[Data to use]
# # # #

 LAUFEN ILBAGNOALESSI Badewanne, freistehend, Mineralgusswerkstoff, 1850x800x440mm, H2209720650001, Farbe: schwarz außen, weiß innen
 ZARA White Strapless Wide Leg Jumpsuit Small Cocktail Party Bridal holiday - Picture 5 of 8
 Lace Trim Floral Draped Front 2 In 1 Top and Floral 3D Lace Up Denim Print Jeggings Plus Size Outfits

# # # #

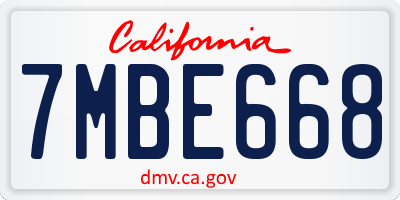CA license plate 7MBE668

# # # #

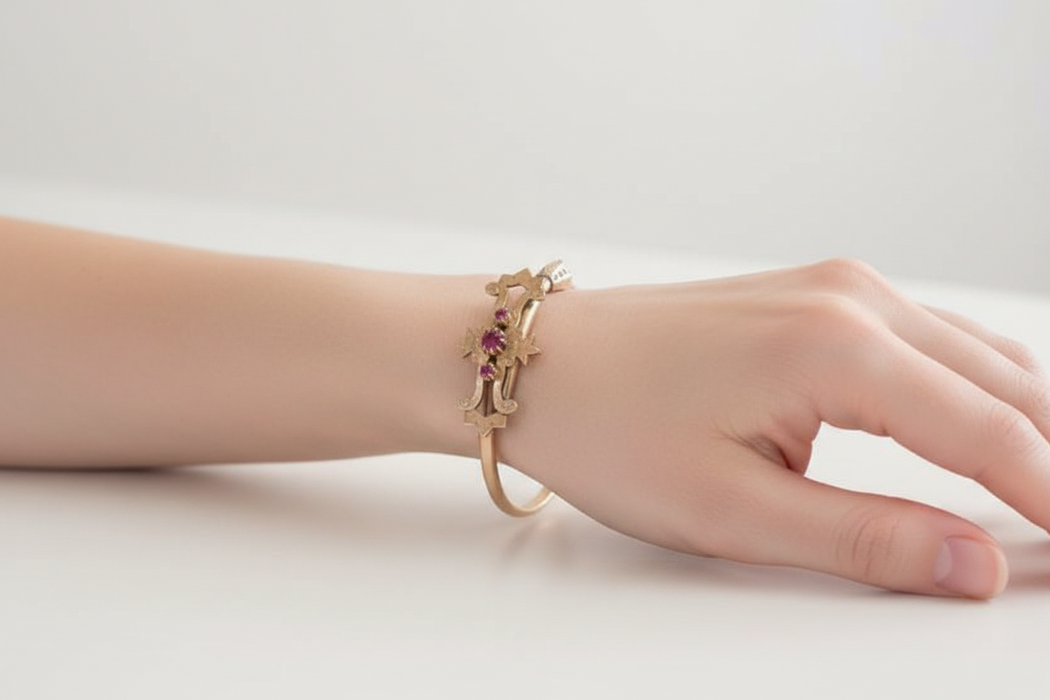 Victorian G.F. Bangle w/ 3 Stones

# # # #

[Exercise] There is a run of lines above from the one with "ZARA White Strapless" to the one with "Lace Trim Floral"; print exactly that run, both ends included, and nothing else.

[Answer section]
 ZARA White Strapless Wide Leg Jumpsuit Small Cocktail Party Bridal holiday - Picture 5 of 8
 Lace Trim Floral Draped Front 2 In 1 Top and Floral 3D Lace Up Denim Print Jeggings Plus Size Outfits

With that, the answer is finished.